Daily Archives: March 10, 2012

AN ISLE OF JOY

Wondrous, wondrous, lighthearted and heartfelt . . . Richard Rodgers’ and Lorenz Hart’s MANHATTAN performed here by three of my heroes: Andrew Hall on bass; Tamar Korn on voice; Dennis Lichtman on guitar and clarinet.  (They ordinarily get together as members of Dennis’ delicious band, the BRAIN CLOUD.) 

These three brilliant gliding musicians exist wholly in 2012, but the amiable ghosts of Lee Wiley, of Louis Armstrong, of Eddie Lang, of Fanny Brice, and a thousand others stand behind them — but no one is crowded.  Watch it here and wait for the second chorus! 

If this doesn’t turn your Manhattan — place in the imagination that may be three thousand miles from the actual location — into an “isle of joy,” email me and I will try to help.  I’m not objective, though: I applauded this video when it was over.

“WHO, ME?” “YES, ‘YOU’!”

My silly title shouldn’t distract you from the hot jazz to follow.  The song is YOU (no, not the Cole Porter classic) — music by Walter Donaldson, lyrics by Harold Adamson, performed first in the 1936 THE GREAT ZIEGFELD.  I think of it as the songwriter’s solution to the problem of potential sheet music buyers being unable to remember the title. 

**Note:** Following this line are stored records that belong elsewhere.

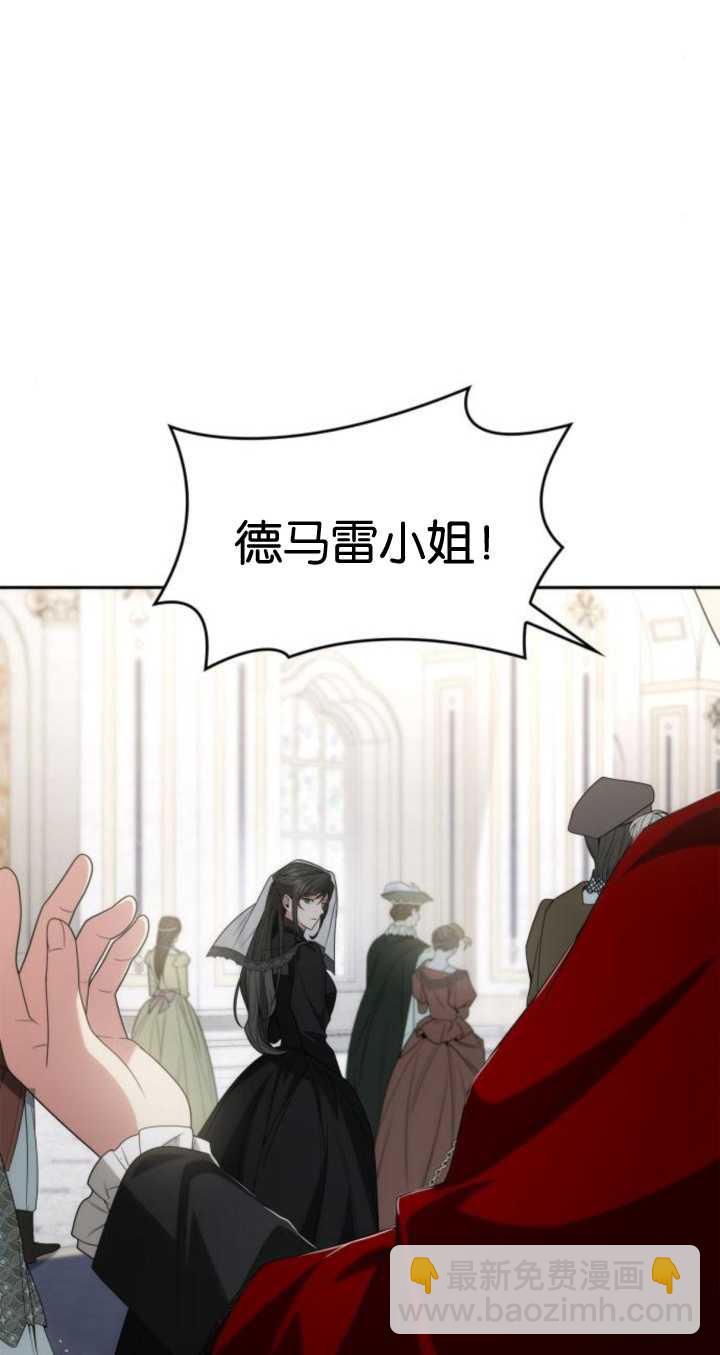第77话92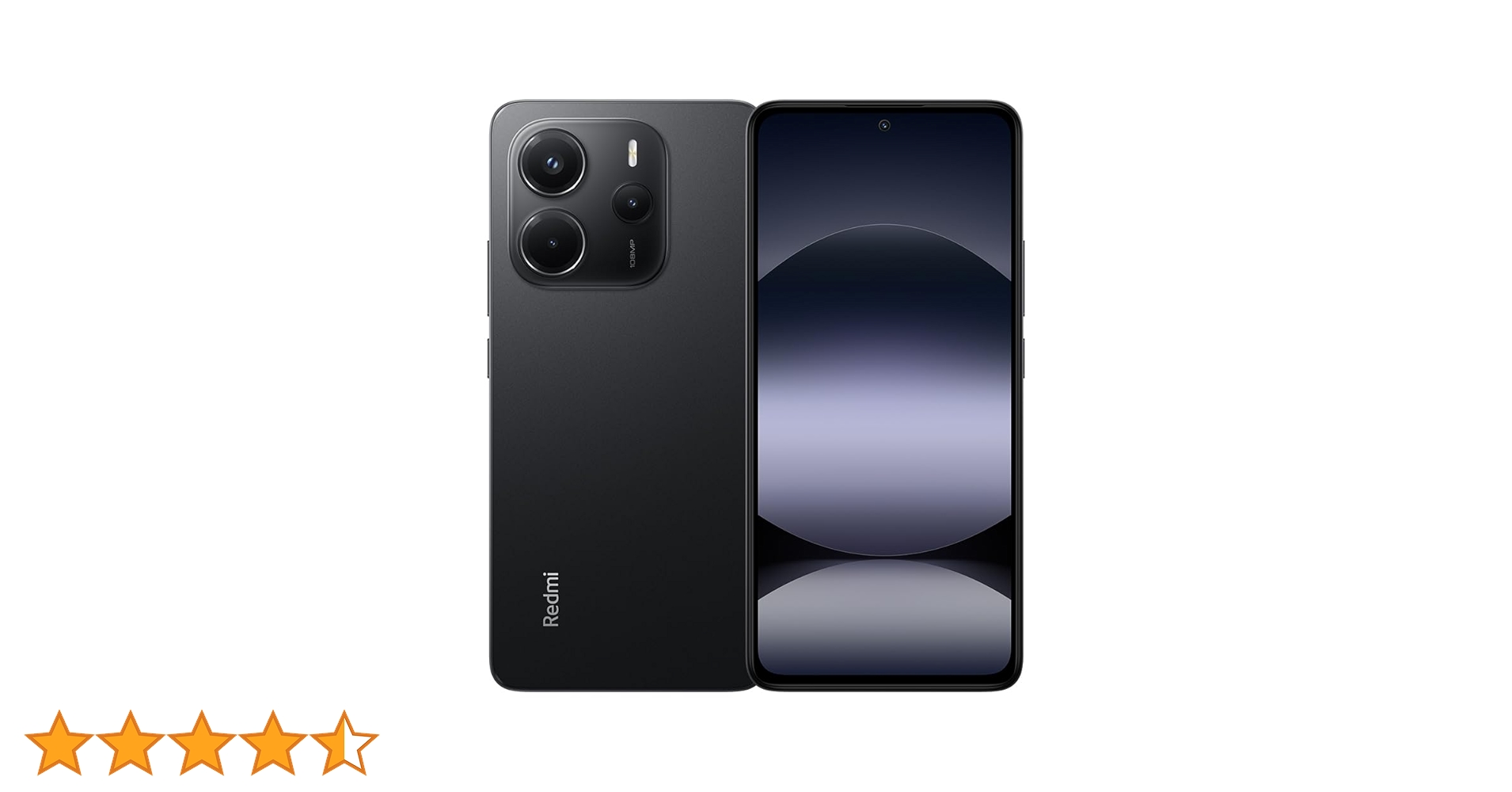 Amazon.co.jp: Xiaomi タブレット「Pad 5」 Wi-fi版 256GB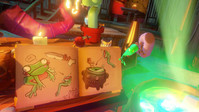 3. Dungeon Brewmaster (PC) (klucz STEAM)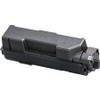 Compatible Kyocera TK-1164 Toner Kit - 7,200 pages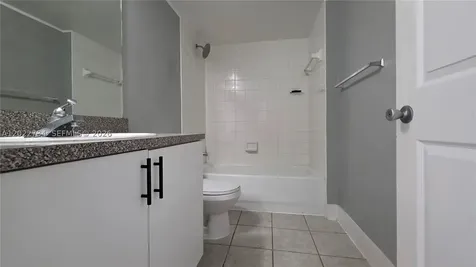 5011 Wiles Road Coconut Creek FL 33073
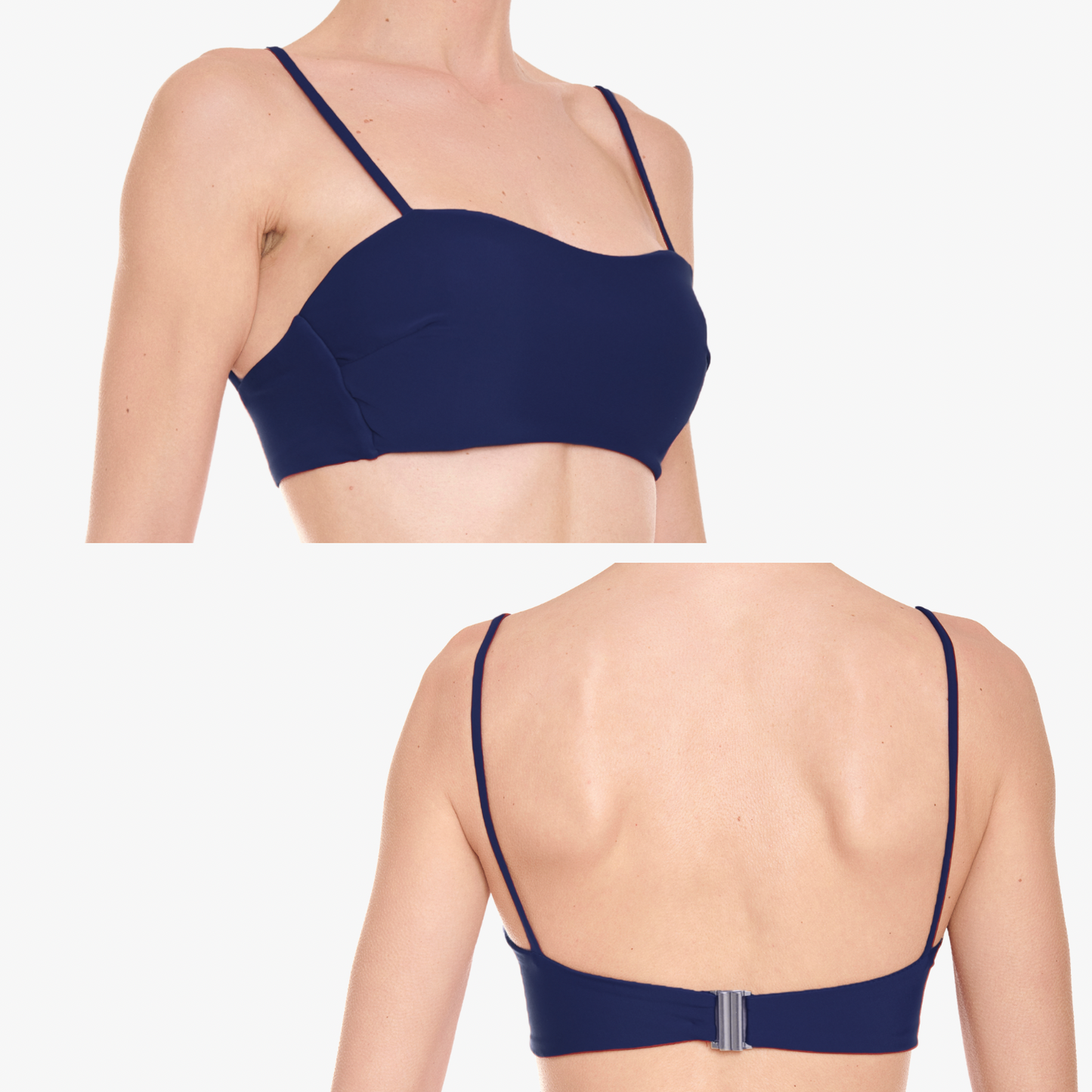 LYDIA | TOP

Here’s a hot performance of YOU by Ray Skjelbred’s First Thursday Band — at the New Orleans Restaurant in Seattle on March 1, 2012: Steve Wright, alto; Ray, piano; Dave Brown, string bass; Mike Daugherty, drums:

I know that in this century we value NEW and IMPROVED very highly, but music isn’t detergent.  And what I love about this rocking performance is the way it eagerly and expertly brings musical styles of “the past” into “the present” so convincingly that these distinctions fall away.  Since everything is transitory, we may live in the Moment that this music offers so generously.  Yes, Virginia, people did play this way before Charlie Parker, Bud Powell, Jimmy Garrison, and Max Roach changed the musical landscape — to say nothing of Ornette Coleman, whose radicalism is now fifty years old . . .

Anyway, put aside the musical categories and critical “schools” and listen to the beautiful swinging sounds: the sweet racing turns of Steve’s alto; the rollick and frolic of Ray’s right and left hands; the sustaining heartbeat of Mister Brown to You on the bass; the exuberant slap and dance of Mike’s drums. 

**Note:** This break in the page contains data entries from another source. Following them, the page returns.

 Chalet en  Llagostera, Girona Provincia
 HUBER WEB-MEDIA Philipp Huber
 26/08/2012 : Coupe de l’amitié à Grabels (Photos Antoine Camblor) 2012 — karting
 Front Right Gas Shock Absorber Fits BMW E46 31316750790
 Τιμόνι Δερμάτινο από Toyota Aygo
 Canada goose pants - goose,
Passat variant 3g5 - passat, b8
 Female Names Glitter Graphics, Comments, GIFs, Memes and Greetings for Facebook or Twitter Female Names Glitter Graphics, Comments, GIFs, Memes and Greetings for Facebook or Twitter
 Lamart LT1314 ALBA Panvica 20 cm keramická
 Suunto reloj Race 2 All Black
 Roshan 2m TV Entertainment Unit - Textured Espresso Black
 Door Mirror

Music for YOU, YOU — and especially YOU!

Thanks to “islandstarfish” and “swr2408018,” a great team, for making it possible for us to see and hear this wonderful jazz.

PRETTY BUBBLES IN THE AIR

Sometimes a piece of music, beautifully performed, catches you right in the heart.  The late Sam Parkins would say, “Gets you right in the gizzard,” and he was so right.  Here’s something PRETTY — not hot at all, but swinging in 3 / 4 time.  It’s the waltz I’M FOREVER BLOWING BUBBLES, performed by Les Rois du Fox-trot, and in the ideal world I would listen to this performance at least once a day:

Because their notes are so much better than what I might write, I include them here, with thanks:

This is a small tribute to the late Pierre Atlan, Pierre Merlin and Martine Morel, who played this famous waltz so many times with the High Society Jazz Band of Paris.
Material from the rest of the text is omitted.